Der Sekretär des Journalistenverbandes Russlands, Igor Jakowenko, erklärte, für die jüngsten Morde an den Journalisten in Dagestan und Inguschetien seien die Führungen der Republiken verantwortlich. In diesem Zusammenhang sei auch Naltschik, die Hauptstadt der Teilrepublik Kabardino-Balkarien, zu nennen, so Jakowenko, wo vor wenigen Tagen der Redakteur der beliebten unabhängigen Zeitung "Gaseta Juga", Miloslaw Bitokow, brutal zusammengeschlagen worden sei.

"Die Dinge sind ziemlich klar. Wir haben es mit einem schleichenden Krieg zu tun, und real liegt die Staatsgewalt in dieser Situation bei den Machtstrukturen, die sich von Banditen absolut nicht unterscheiden. Die innere Lage in jeder der Republiken ist ein eigenes Thema, aber Inguschetien, Dagestan und Naltschik sind alles Glieder einer Kette", sagte Jakowenko und betonte: "Widerstand gegen den faktischen Krieg, den die Führung Inguschetiens gegen das eigene Volk führt, leistete vor allem Jewlojew. Er wurde von Milizionären ermordet. Und der Willkür der Banditen, die in Naltschik herrscht, wo es faktisch auch Kampfhandlungen gegeben hat, widersetzte sich vor allem die einzige unabhängige Zeitung ‚Gaseta Juga‘, deren Chefredakteur Bitokow war. Und der Mord an Alischajew steht ebenfalls in einem solchen Zusammenhang." Jakowenko sagte weiter, es sei offensichtlich, dass die reale Staatsgewalt in den Republiken von Strukturen ausgeübt werde, in denen Banditen und Behörden mit einander verwobenen seien.
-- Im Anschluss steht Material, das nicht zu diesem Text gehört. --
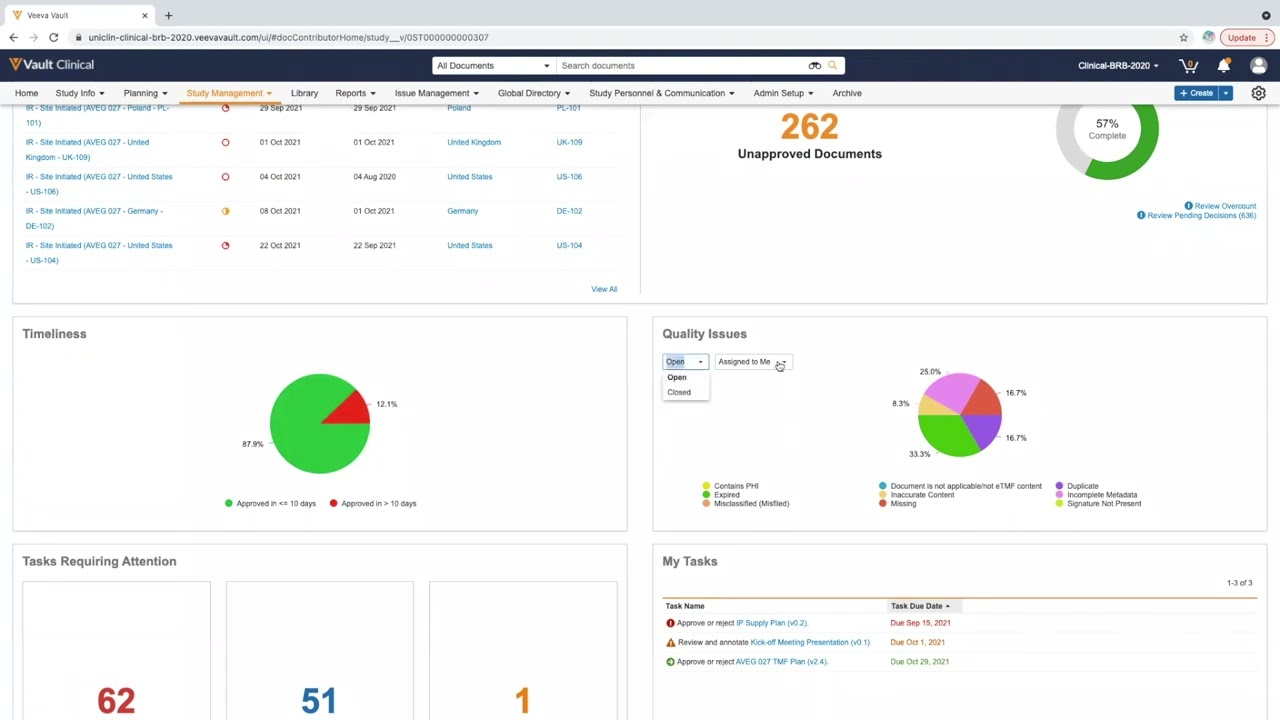 Vault eTMF Homepage Demo 1
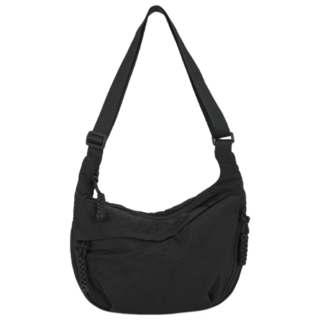 MOONBAG 尼龍布 斜背包 耐磨尼龍布料 滑順可調背帶, 黑色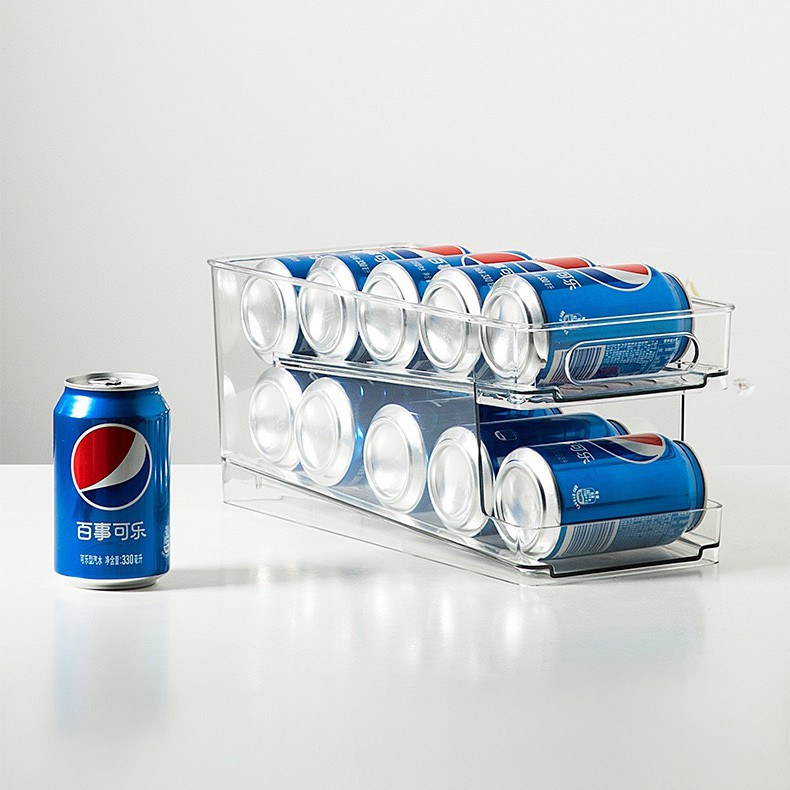 Khay 2 tầng đựng lon nước ngọt và bia trong tủ lạnh bằng nhựa cao cấp
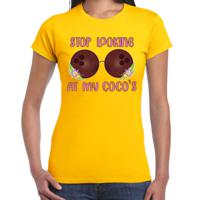 Tropical party T-shirt voor dames - kokosnoten bh - geel - carnaval/themafeest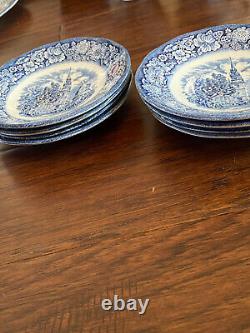 Vintage Liberty Blue Staffordshire Independence Hall 32 piece set BNT1004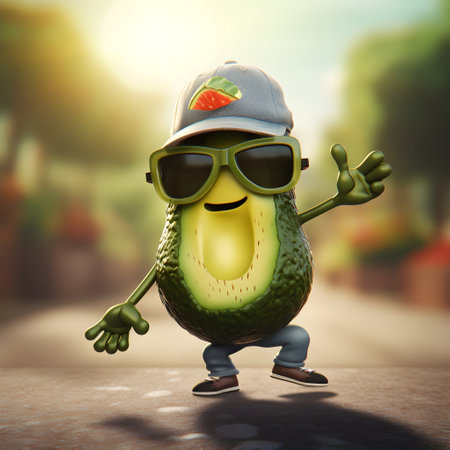 Funny Avocado character with sunglasses and cap. Part of healthy eating kids seriesの素材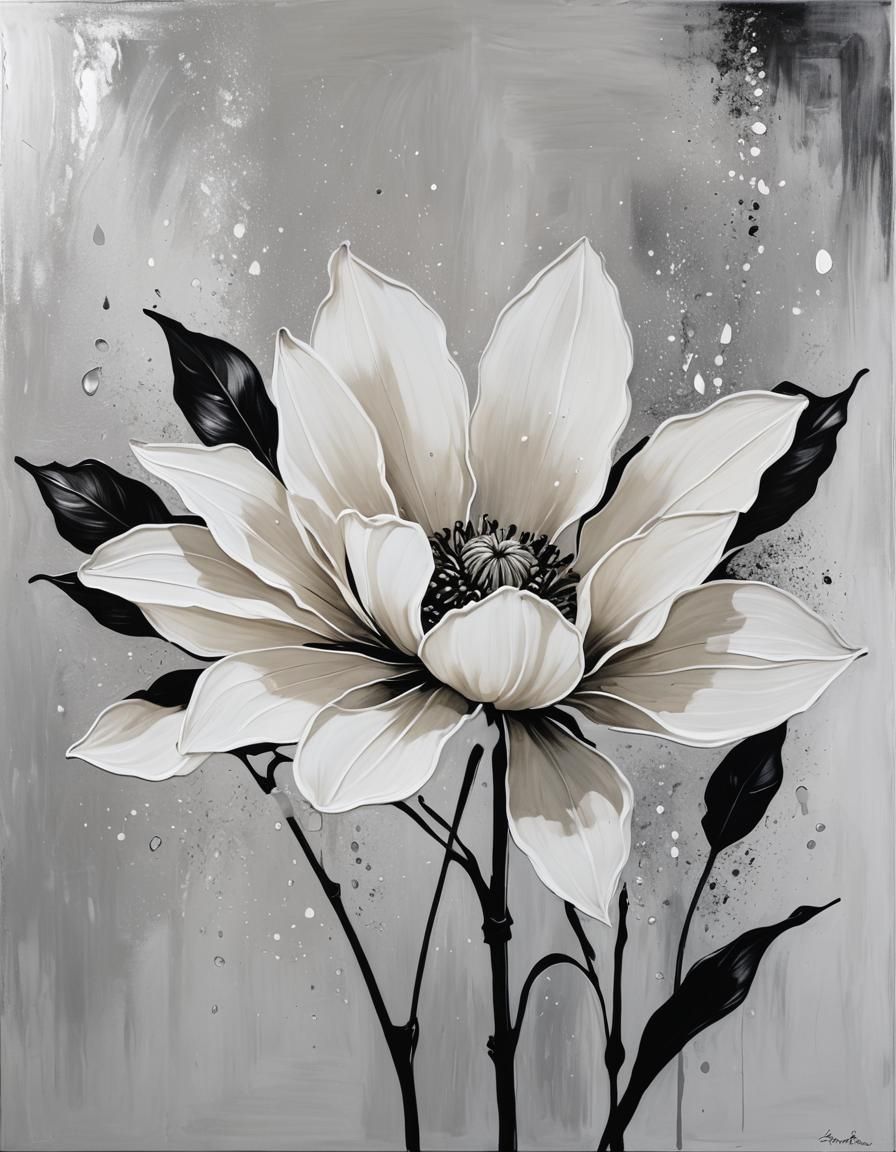 Minimalist White Flower Painting with Black Outlines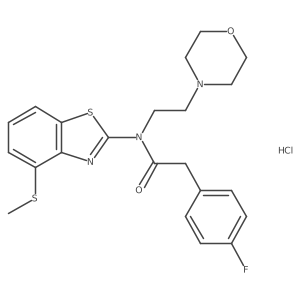 2-(4-fluorophenyl)-N-(4-(methylthio)benzo[d]thiazol-2-yl)-N-(2-morpholinoethyl)acetamide hydrochloride Structure
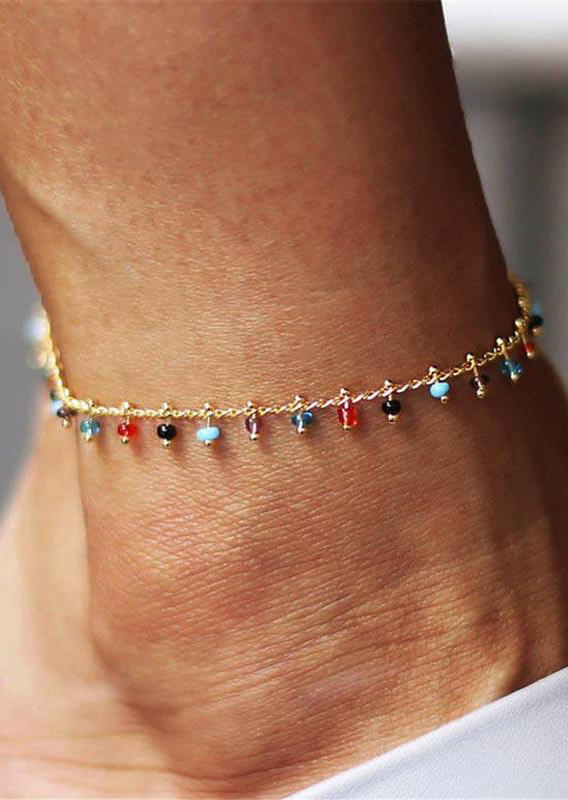 

Body Jewelry Colorful Beading Pendant Adjustable Anklet in Multicolor. Size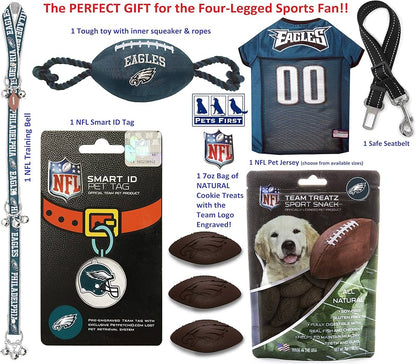 Philadelphia Eagles NFL Pet Gift Box with 2 Licensed Dog Toys, 1 Logo-Engraved Treat, 1 NFL Jersey, 1 NFL Puppy Training Bell, and 1 Car Seat Belt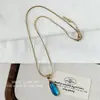 Collar Colgante Personalidad Retro Vintage Gota de Agua Zafiro Azul Nicho Fresco Moda Gargantilla Única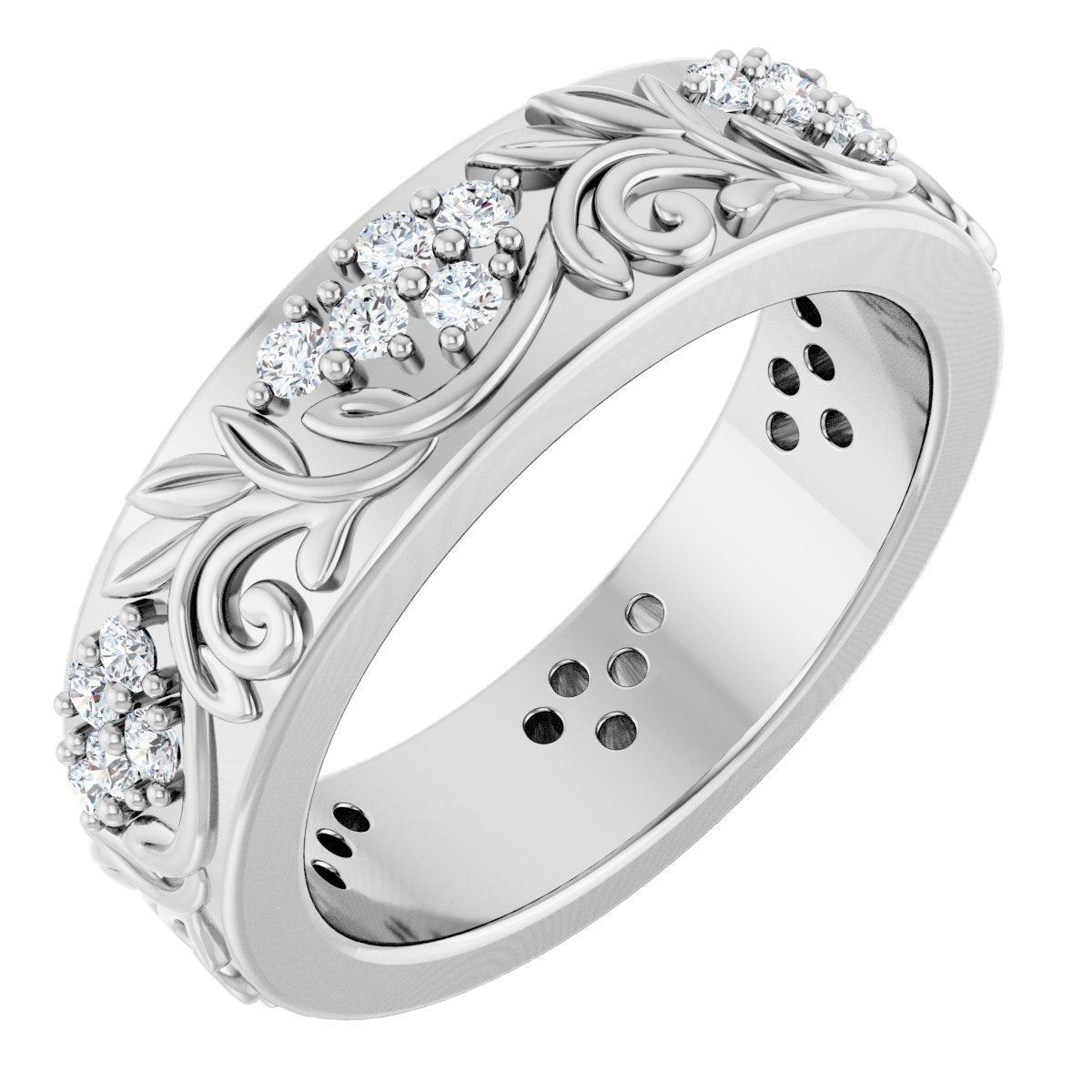 1/2 Ctw Lab-Grown Diamond Floral Band - White Gold - Lab Grown Diamond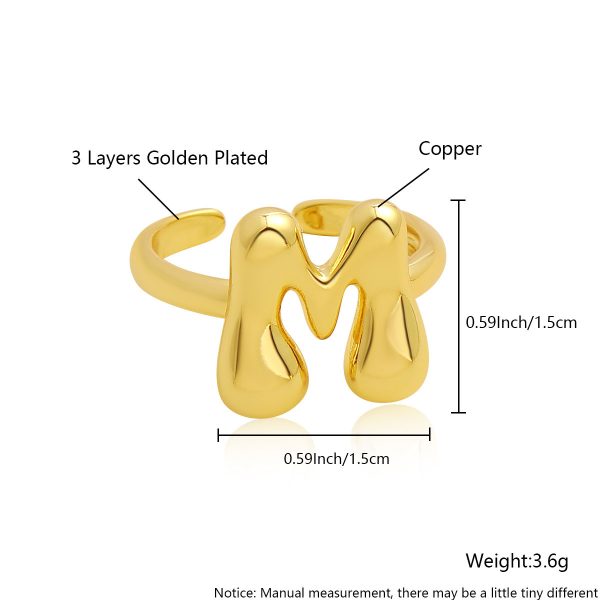 Personalized 26-Letter Gold-Plated Adjustable Open Ring - Image 18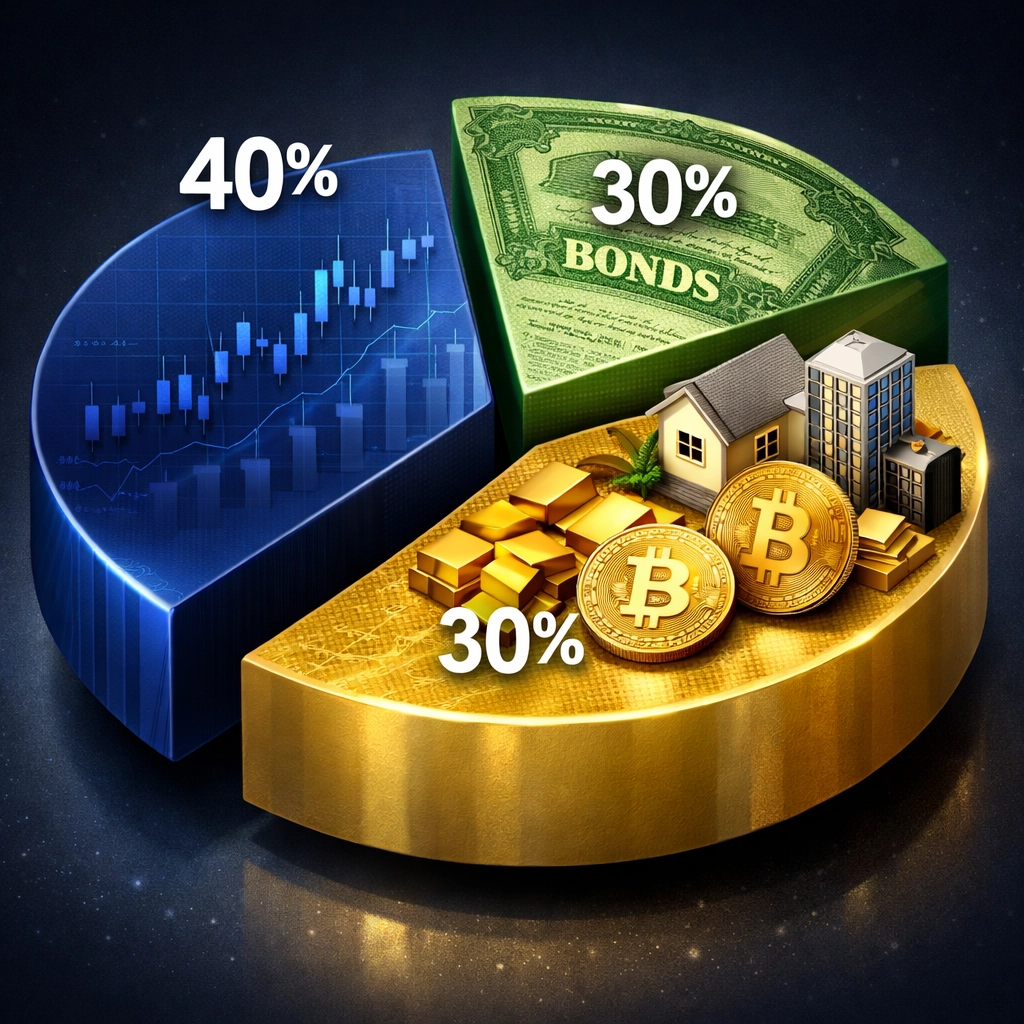 40/30/30 portfolio allocation model with equities, bonds, and alternative investments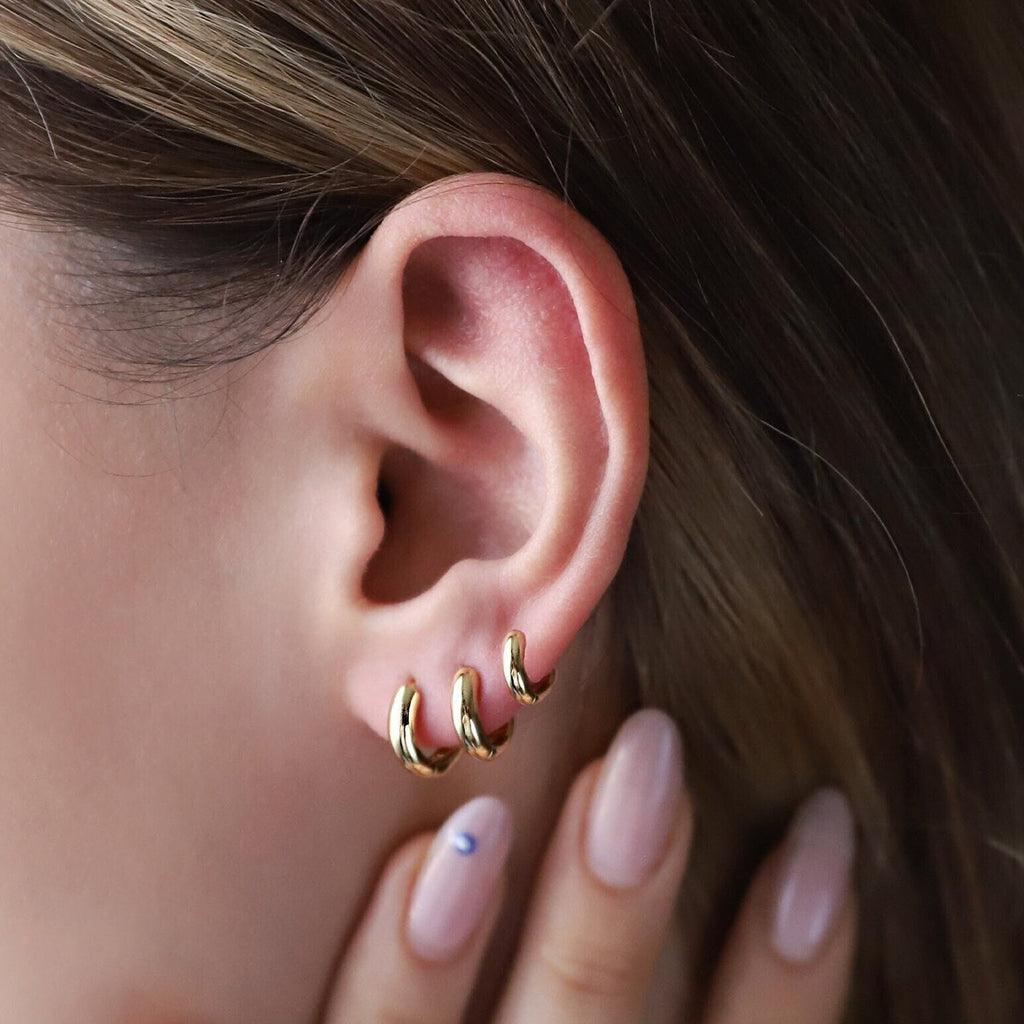 Thick Huggie Hoop Earrings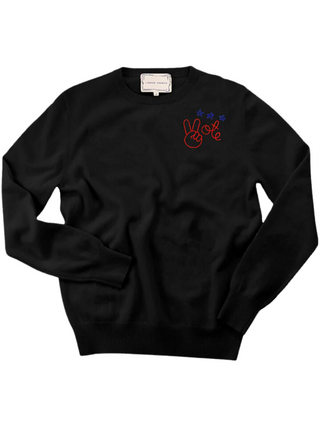 Peace + Vote Men's Crewneck Sweater LINGUA FRANCA NYC Black XS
Meinungsfreiheit in Gefahr

Die politischen Kriege, die von den Führungen der südlichen russischen Teilrepubliken um Macht und Finanzkontrolle geführt werden, sind Jakowenko zufolge nicht der einzige Grund dafür, warum Journalisten offen verfolgt werden. Seiner Meinung nach hängt die Zuspitzung der Lage auch mit dem Krieg zwischen Russland und Georgien zusammen: "Die Tatsache, dass Russland den Krieg mit Georgien begann, hat die Lage zweifelsohne verschärft. Wenn Krieg beginnt, beginnt man auch, gegen die Meinungsfreiheit vorzugehen." Insgesamt sei deutlich zu erkennen, dass die Kriegsstimmung im Kaukasus und im Transkaukasus die Meinungsfreiheit zerstöre.